Down: Dead timer expired

004866: .Apr 8 04:20:51: %OSPF-5-ADJCHG: Process 65182, Nbr X.X.X.1 on FastEthernet1 fro

Down: Dead timer expired

Unfortunately I could not perform more OSPF tests. Is there any possiblity of OSPF going down even when both interface and protocol is UP? I have configured loopback address on the router for OSPF.

If the WAN interface goes down then definitely the router will decrement its OSPF priority that did not happen during the HSRP issue. But it lost OSPF communication with its neighbours and even though HSRP state was active it did not have the route to reach the destination.

Even though its working fine now if the problem happens again how can I mitigate this issue forever?

I have also performed a manual test by removing the WAN cable on the active router during which the active router decreased its HSRP priority and the standby router took over.

rpfinneran · ‎04-13-2009

Avilt,

No problem. I am sure we can get this resolved. Is it possible for you to make a drawing (visio or paint) of how this whole thing is layed out? I am a little confused, it looks like normally your router has two neighbors on Fa1, but you said you have the LAN interfaces as passive? Also, I don't understand why your two routers are in different OSPF areas? If you could make a drawing and attach the OSPF / Interface configs with the IP address scrubbed that would help.

naderzaman · ‎04-14-2009

On the "active router" you have duplex/speed as "auto". On the "standby router" you have hard coded speed:100 and duplex: full. This is a NO NO. Both sides must be configured exactly the same. When one side is configured as auto and the other hard coded, the auto side will always negotiate to half-duplex. I am assuming that this router is connected to a switch or hub as the means of connecting the local PCs. If there is a switch, check the duplex/speed settings on the ports. Make sure both sides are configured as auto.

rpfinneran · ‎04-14-2009

I agree with naderzaman, with one small correction. GigabitEth interfaces will default to 100 Full, not half.

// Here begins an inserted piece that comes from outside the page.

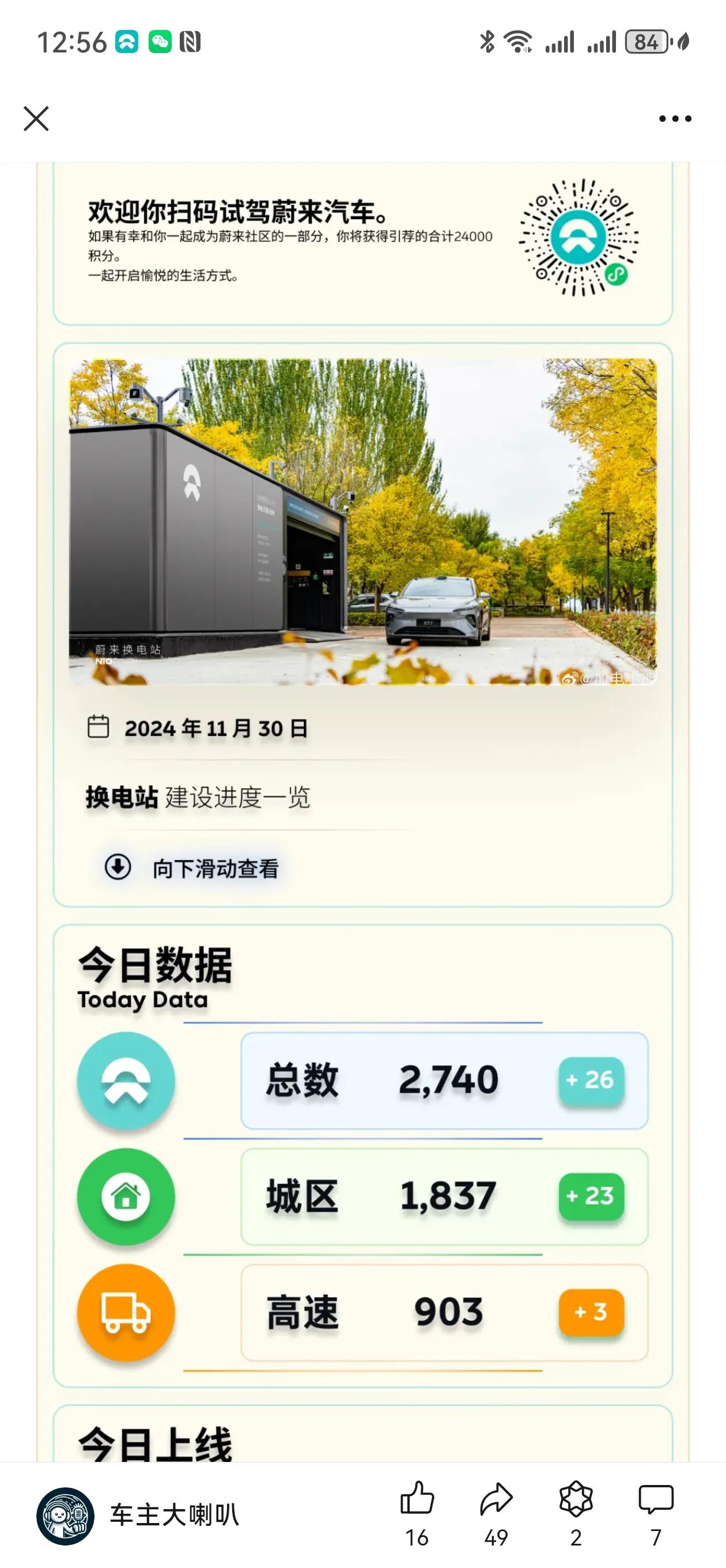 今天蔚来上线26座换电站
已经达到2740座比去年新增422座
无论高速还是市区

Either way, it has been said several times in this forum that you should fix this duplex mismatch, it could absolutely be causing issues. Please correct it and provide a drawing if you can.

avilt · ‎04-15-2009

I will upload the network diagram soon.

This network is in production for the last 2 years without any issues. On the switch side it's set to auto/auto. I will try to set it to auto on the interface side as well.

avilt · ‎04-15-2009

Rpfinneran,

I am uploading the OSPF topology diagram.

ISP-1 = KD

ISP-2 = JT

The HSRP issue is at location D.

On those routers on the LAN segment interfaces are negotiated to 100mbps/full. But on WAN segment its negotiated to 100mbps/half duplex. I will hard code it to Full Duplex.

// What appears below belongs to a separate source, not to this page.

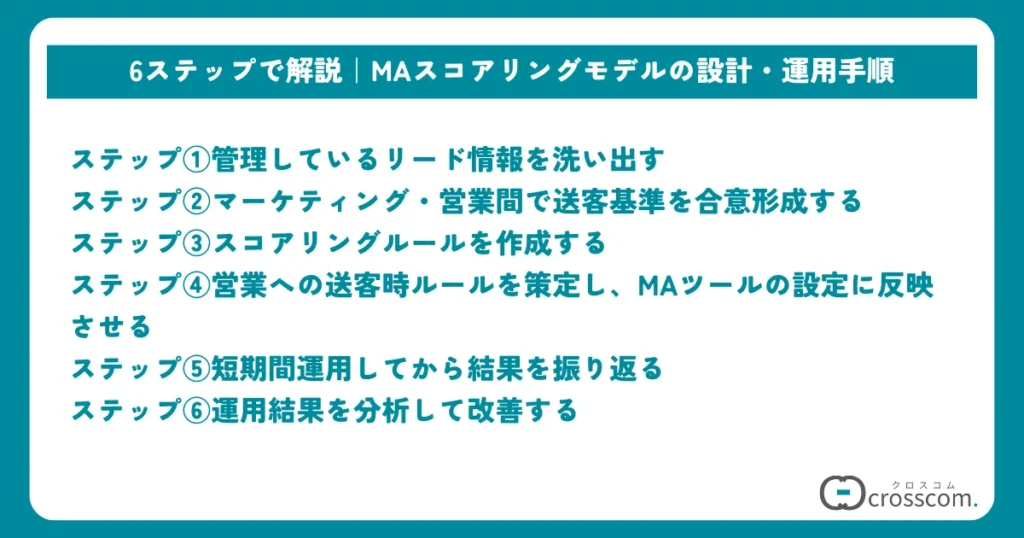 6ステップで解説｜MAスコアリングモデルの設計・運用手順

Also let me know your idea on OSPF topology. Do I need to join OSPF area 0 and area 1 at any other location?

rpfinneran · ‎04-15-2009

Avilt,

Great drawing, this is very helpful.

At site D, on KD router, what area is 90.1 interface in? On JT router, what area is 90.3 in?

As for the OSPF design. Why did you guys choose to use multiple areas for this? I would have probably put everything in area 0, and simply set the OSPF cost of all interfaces that you have in area 1 to something much higher than the primary interfaces. In your current design, you could end up with a discontinuous area 0 depending on how you answer my question.

avilt · ‎04-15-2009

Except Main Office OSPF is running only on WAN interfaces. OSPF is not enabled on LAN interface.

Well initially we had 14 branch offices connected thru OSPF in 2 areas. Now its reduced to just 4 location. May be I should put everything in one area. In such case should I enable OSPF on LAN interface at each location?